»»
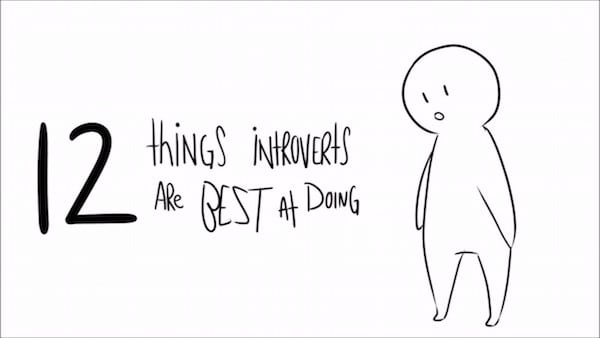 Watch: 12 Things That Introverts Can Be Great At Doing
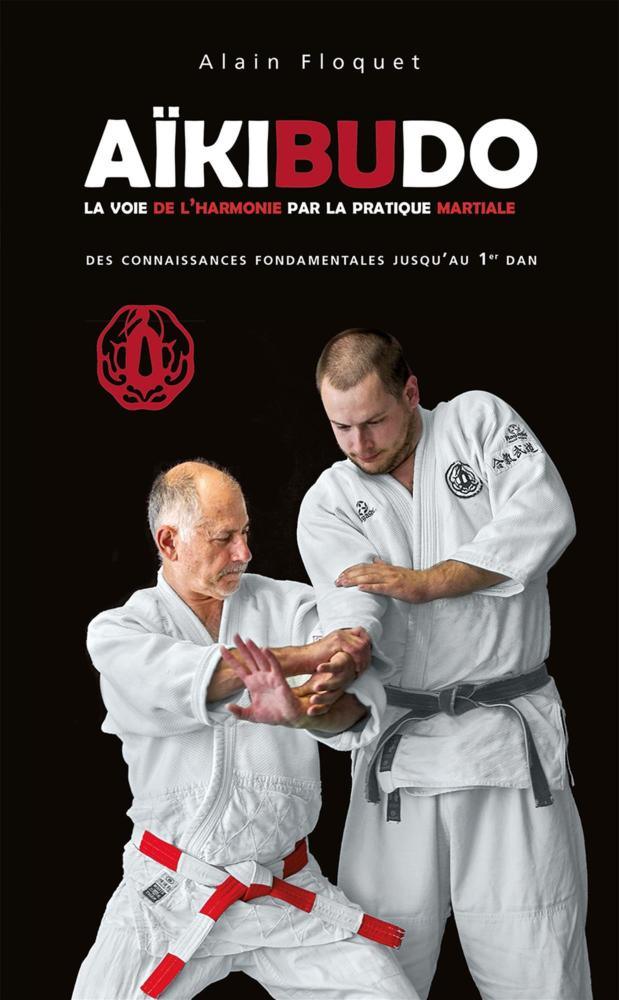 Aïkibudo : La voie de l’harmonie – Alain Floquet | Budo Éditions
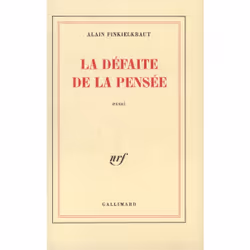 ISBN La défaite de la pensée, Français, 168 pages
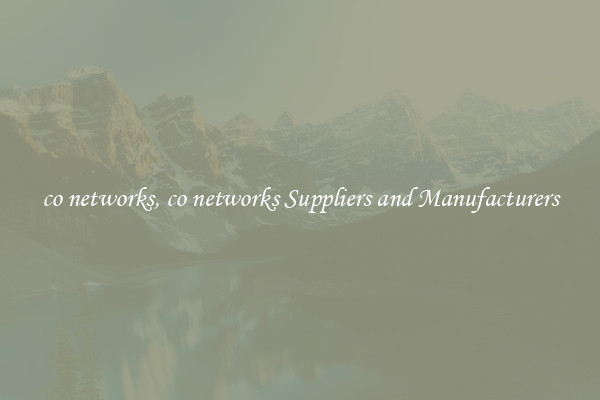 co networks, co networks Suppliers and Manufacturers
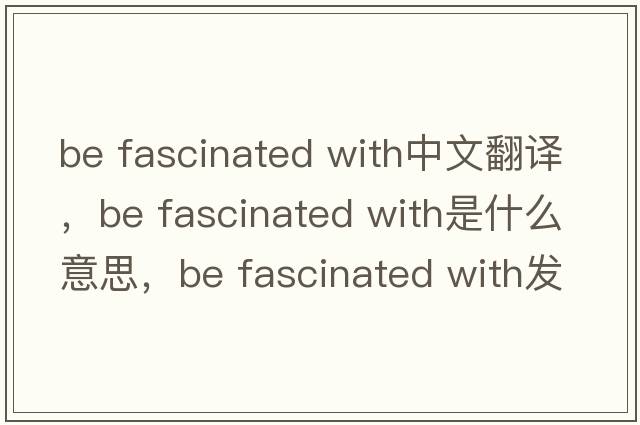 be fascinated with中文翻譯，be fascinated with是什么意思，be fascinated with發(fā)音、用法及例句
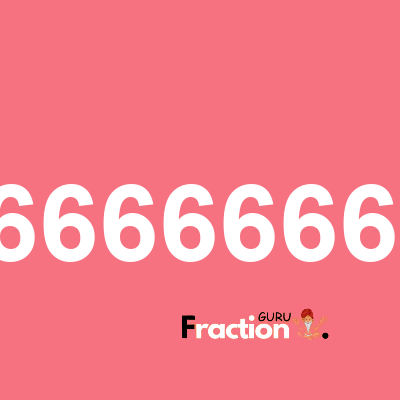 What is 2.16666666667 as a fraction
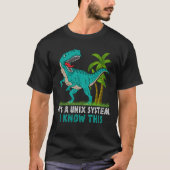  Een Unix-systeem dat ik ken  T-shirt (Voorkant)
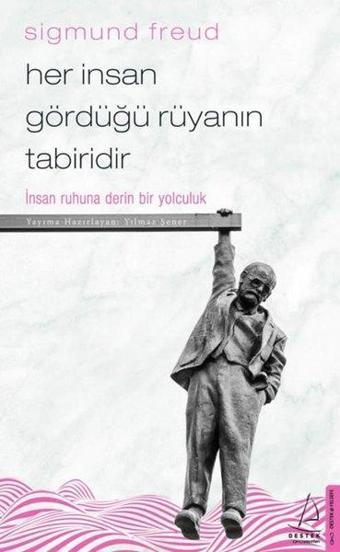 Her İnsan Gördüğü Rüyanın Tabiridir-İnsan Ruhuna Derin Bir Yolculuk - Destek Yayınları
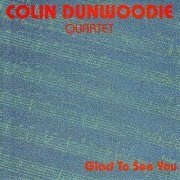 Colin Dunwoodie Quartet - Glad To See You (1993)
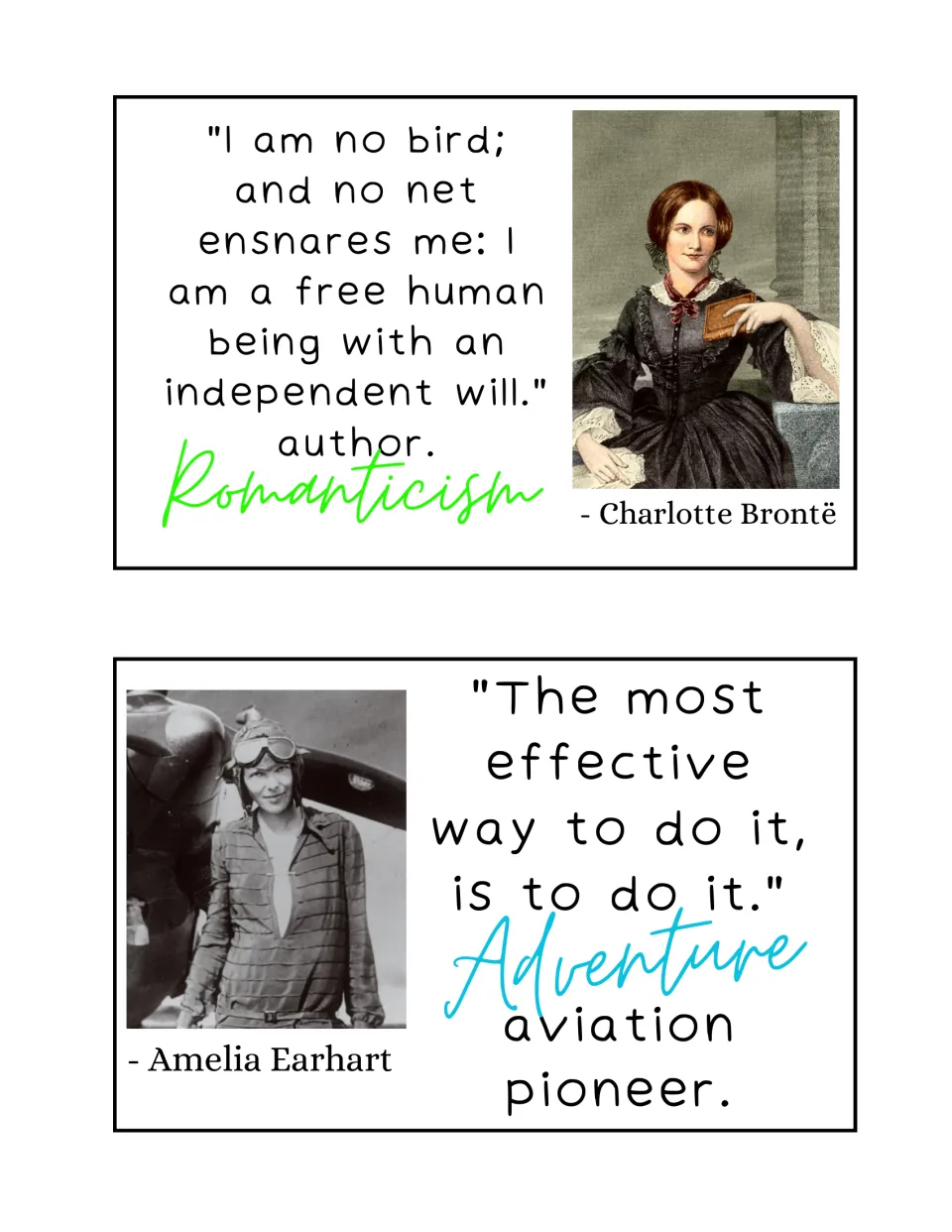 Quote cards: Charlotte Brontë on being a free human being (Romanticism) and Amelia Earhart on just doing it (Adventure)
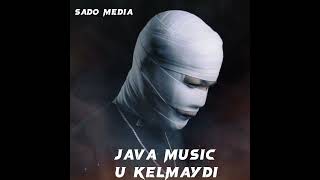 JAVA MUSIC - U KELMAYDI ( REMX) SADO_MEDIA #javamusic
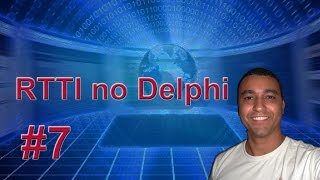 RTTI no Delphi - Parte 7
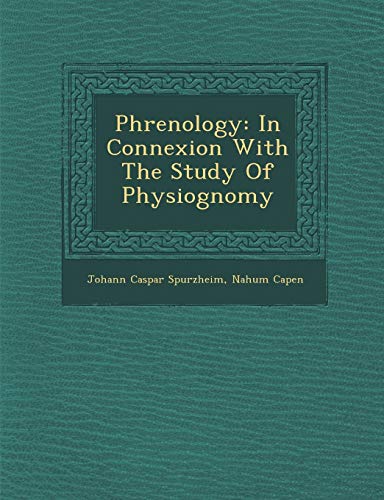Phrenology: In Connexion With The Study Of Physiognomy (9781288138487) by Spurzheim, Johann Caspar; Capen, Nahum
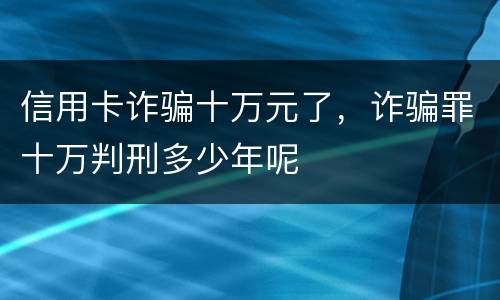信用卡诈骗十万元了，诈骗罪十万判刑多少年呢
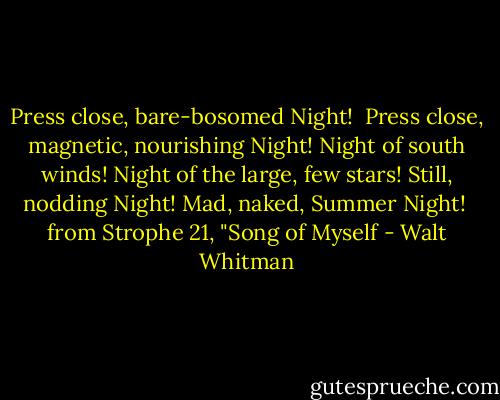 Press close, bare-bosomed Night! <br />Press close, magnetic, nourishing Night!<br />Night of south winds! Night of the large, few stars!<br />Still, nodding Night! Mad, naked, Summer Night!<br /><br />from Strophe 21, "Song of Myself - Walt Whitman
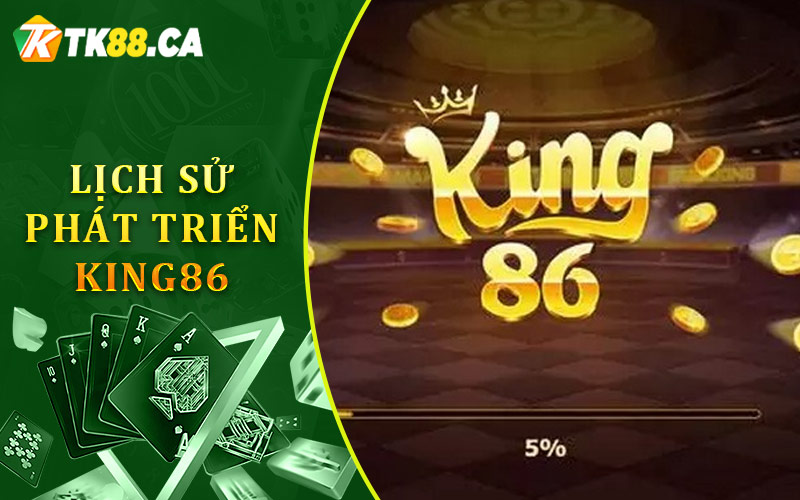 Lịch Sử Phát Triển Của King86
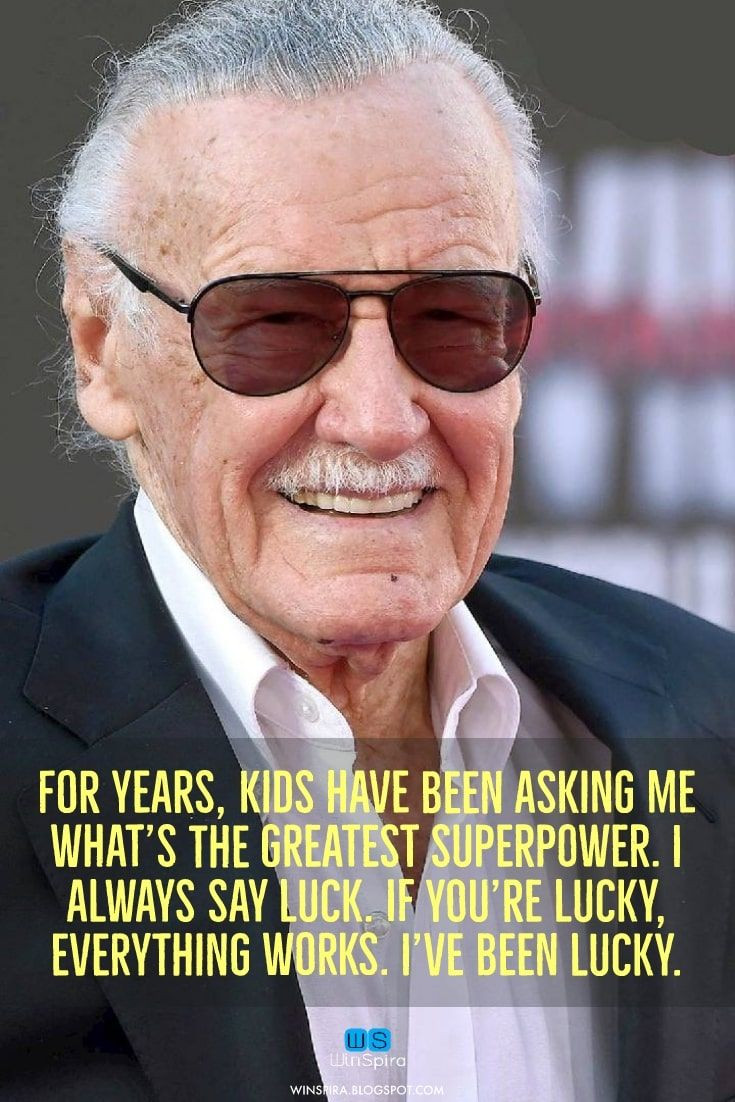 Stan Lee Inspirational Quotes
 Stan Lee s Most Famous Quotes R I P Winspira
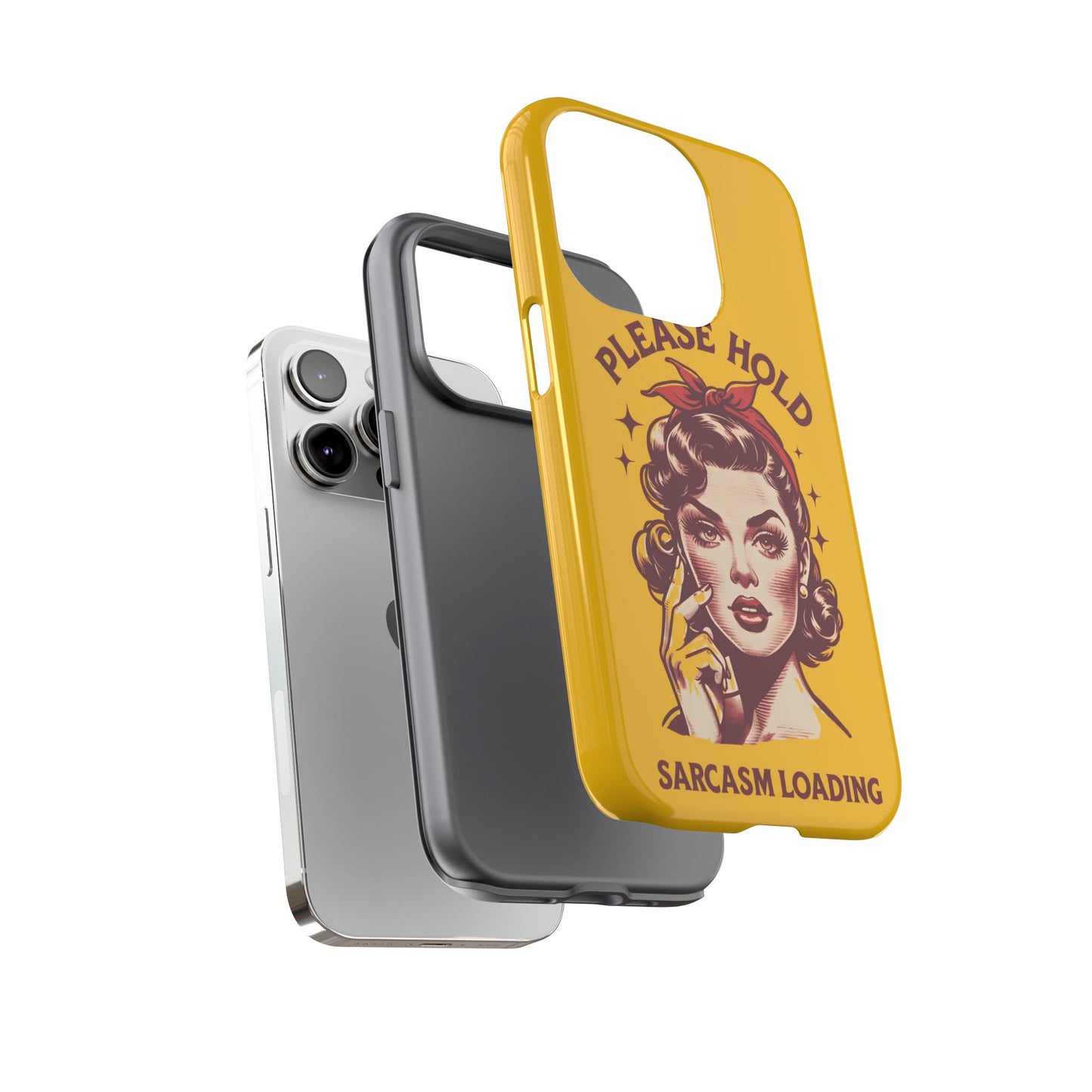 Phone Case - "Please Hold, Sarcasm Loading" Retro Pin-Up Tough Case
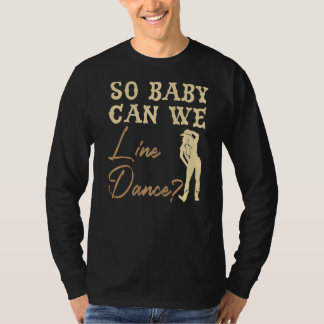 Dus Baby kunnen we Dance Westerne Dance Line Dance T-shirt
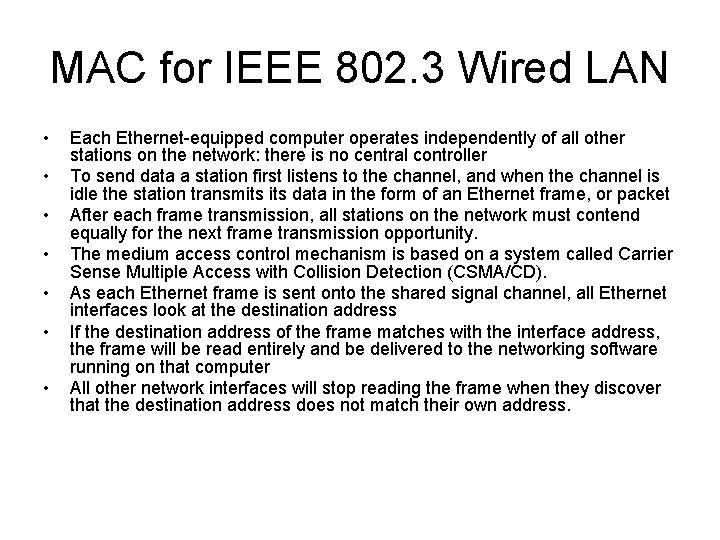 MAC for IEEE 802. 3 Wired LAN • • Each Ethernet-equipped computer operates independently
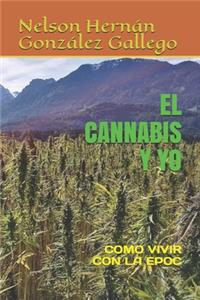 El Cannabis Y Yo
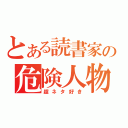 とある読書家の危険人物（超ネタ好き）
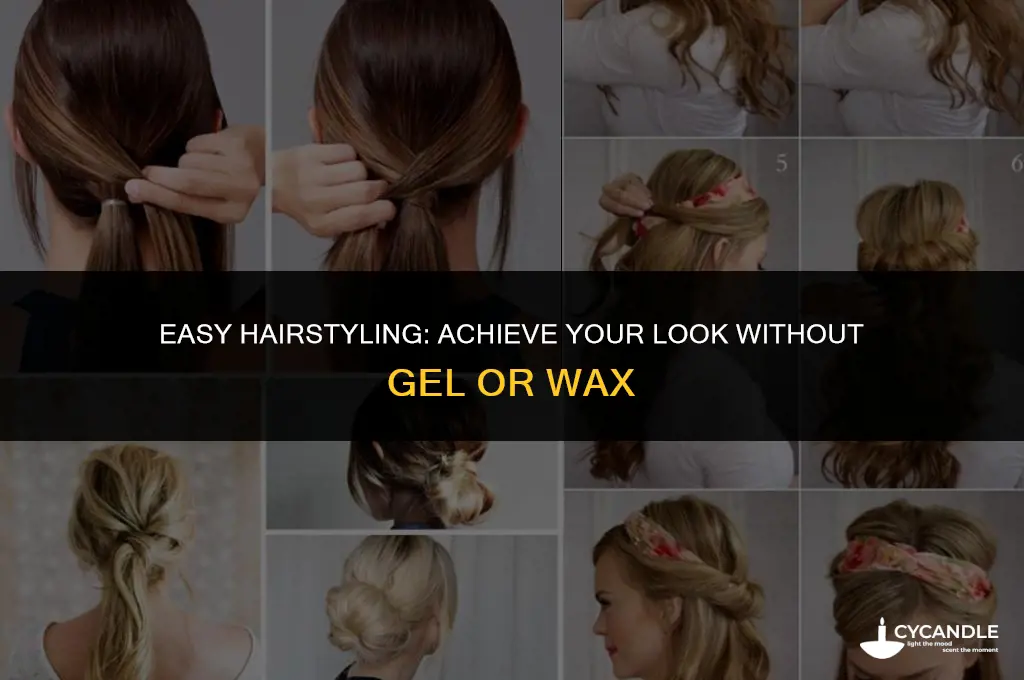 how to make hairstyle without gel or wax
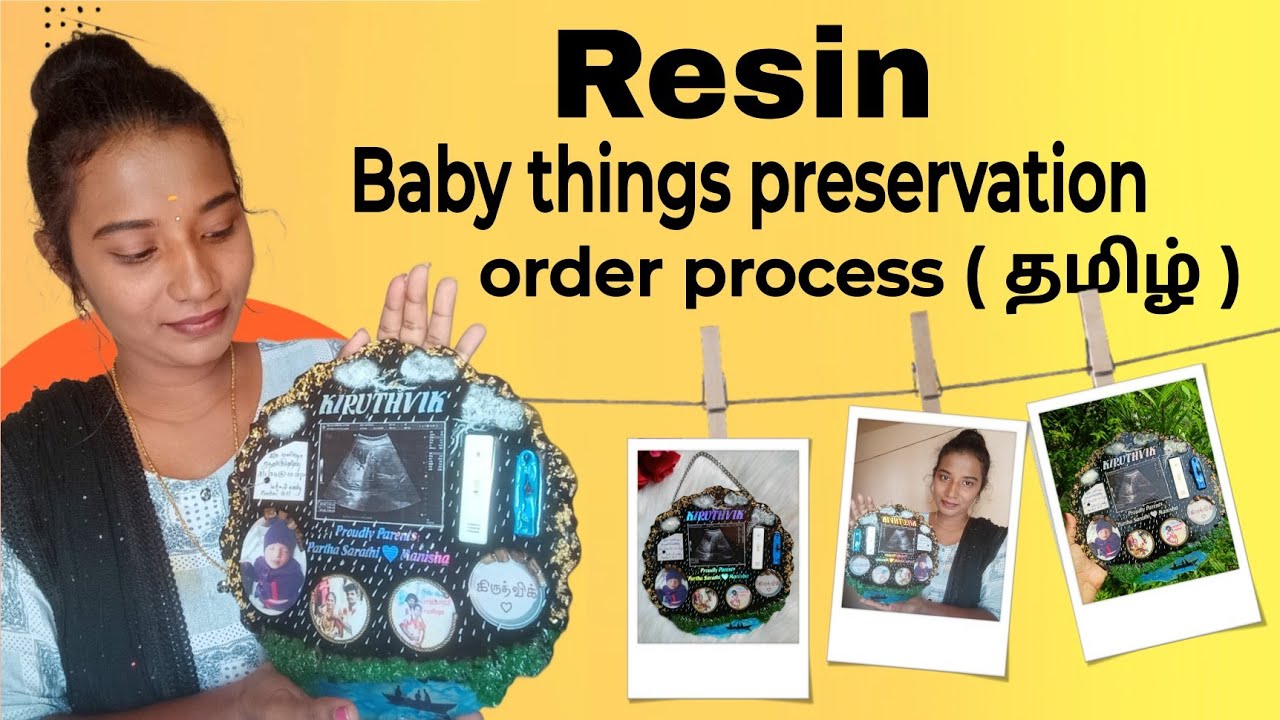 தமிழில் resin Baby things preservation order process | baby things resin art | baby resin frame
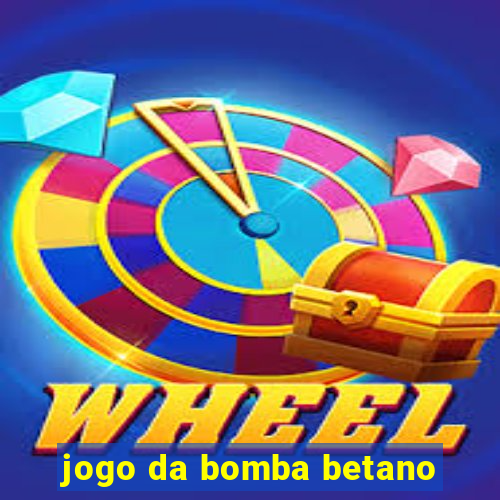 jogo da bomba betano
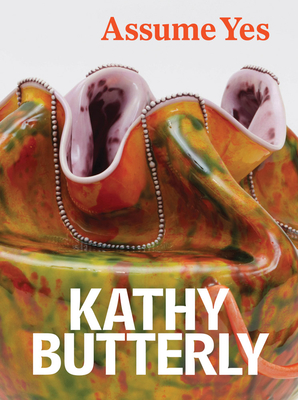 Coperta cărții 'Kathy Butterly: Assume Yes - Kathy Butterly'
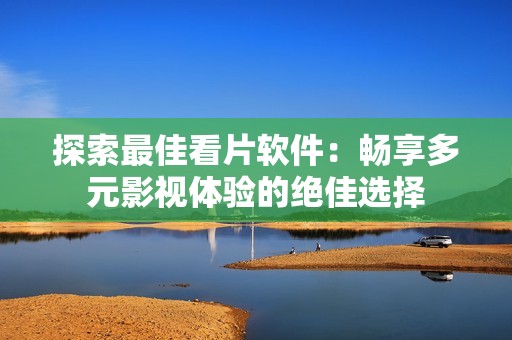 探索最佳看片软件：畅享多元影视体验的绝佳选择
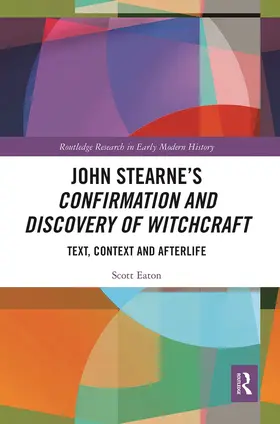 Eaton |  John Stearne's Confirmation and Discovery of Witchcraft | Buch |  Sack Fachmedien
««
> _What you need to do_
The line containing "Press close, bare-bosomed" and every line after it, through the end of the records, are what you should retype exactly. Do not include the pictures.

> _Solved problem_
 Press close, bare-bosomed Night! <br />Press close, magnetic, nourishing Night!<br />Night of south winds! Night of the large, few stars!<br />Still, nodding Night! Mad, naked, Summer Night!<br /><br />from Strophe 21, "Song of Myself - Walt Whitman
 Lịch Sử Phát Triển Của King86
 Stan Lee Inspirational Quotes
 Stan Lee s Most Famous Quotes R I P Winspira
 Phone Case - "Please Hold, Sarcasm Loading" Retro Pin-Up Tough Case
 Dus Baby kunnen we Dance Westerne Dance Line Dance T-shirt
 MAC for IEEE 802. 3 Wired LAN • • Each Ethernet-equipped computer operates independently
 El Cannabis Y Yo
 とある読書家の危険人物（超ネタ好き）
 how to make hairstyle without gel or wax
 தமிழில் resin Baby things preservation order process | baby things resin art | baby resin frame
 jogo da bomba betano
 Coperta cărții 'Kathy Butterly: Assume Yes - Kathy Butterly'
 探索最佳看片软件：畅享多元影视体验的绝佳选择
 Eaton |  John Stearne's Confirmation and Discovery of Witchcraft | Buch |  Sack Fachmedien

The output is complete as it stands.